The Euro elite and the IMF sought to punish the horrendous bank lending practices of Cypriot Banks by taxing their depositors, and not make the owners of the banks take a haircut, in order for the government to get a bailout.  Now if you are a depositor in Spain or Italy and you know a bailout is required, would you keep your money in a bank account?

For some perspective, Europe relies on investors to fund their lending leverage, whereas in America it has a much stronger depositor base.  Obviously, these investors are politically connected and the Euro elies know the game is up for them if they screw with investors and lose their funding sources.  But it might be a moot point anyway, as the Foriegn banks with access to the FED window has exchanged nearly 100 billion dollars in collateral of unknown worth for U.S. dollars. Yet the banks are still hopelessly underwater with loans swamping cash deposits We are now financing European banks and governments indirectly to keep the game going.  But for how long if people start pulling their money.
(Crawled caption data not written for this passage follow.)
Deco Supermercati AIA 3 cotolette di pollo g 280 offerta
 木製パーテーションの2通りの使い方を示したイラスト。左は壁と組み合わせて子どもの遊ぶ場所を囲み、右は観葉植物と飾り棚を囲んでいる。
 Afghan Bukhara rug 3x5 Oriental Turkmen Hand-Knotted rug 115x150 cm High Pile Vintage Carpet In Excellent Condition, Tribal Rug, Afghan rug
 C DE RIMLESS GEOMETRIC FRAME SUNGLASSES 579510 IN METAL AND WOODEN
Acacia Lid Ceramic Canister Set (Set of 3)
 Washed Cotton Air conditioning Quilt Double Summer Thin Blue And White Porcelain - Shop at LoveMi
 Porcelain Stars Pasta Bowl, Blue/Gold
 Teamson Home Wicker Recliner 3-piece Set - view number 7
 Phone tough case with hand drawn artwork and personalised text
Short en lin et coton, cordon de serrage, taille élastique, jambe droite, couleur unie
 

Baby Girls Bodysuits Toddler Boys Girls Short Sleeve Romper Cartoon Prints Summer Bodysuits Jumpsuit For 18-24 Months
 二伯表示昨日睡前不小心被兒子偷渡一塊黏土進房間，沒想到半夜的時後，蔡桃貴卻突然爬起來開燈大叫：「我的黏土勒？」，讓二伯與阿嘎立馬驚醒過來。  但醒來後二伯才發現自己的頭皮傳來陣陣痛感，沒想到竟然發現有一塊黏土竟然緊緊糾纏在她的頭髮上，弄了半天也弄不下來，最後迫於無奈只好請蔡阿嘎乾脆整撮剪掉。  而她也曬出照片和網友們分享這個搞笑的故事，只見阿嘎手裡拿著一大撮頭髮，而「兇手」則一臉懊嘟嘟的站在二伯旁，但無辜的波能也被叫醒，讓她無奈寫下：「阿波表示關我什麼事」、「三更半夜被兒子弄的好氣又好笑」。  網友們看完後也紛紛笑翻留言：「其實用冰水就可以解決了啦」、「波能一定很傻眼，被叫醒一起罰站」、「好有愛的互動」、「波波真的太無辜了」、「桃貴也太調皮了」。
Why did they do it in this manner?  Governments are like bank robbers, they go where the money is, and against the weakest victim.  The money is sitting there, and most of these people do not vote in Cyprus.  They are taking a calculated risk.  The notion that this is a one off is laughable.  Once a government gets a taste for a revenue stream, it never gives it back.

They are pulling the tax out this weekend, and the reaction on Tuesday should be interesting in Cyprus, but judging by all the news articles addressing this, Monday in Europe may prove interesting.

This comes right on the heels of my view that the gold consolidation is ending and the great rotation is unrotating. Protestations by the Fed about tightening and reducing leverage will start to ring hollow and investors are going to start shifting money into something that will protect them from real negative interest rates as inflation ticks up and bond and market yields stagnate or fall.

My long term signals are flashing a buy for the week ahead for gold and treasuries.  After we get our obligatory Fed meeting smack down (maybe not, depending how the Cyprus mess is massaged), I will establish a longer term gold position with a stop at 148, and buy NUGT calls with a conditional sell order at GDX at $35.80.  This assumes gold and GDX are not bear flags, but I believe they will play out by Thursday.  I'll post any changes to these stops Wednesday night before I enter, as I won't be a hero and front run the Fed.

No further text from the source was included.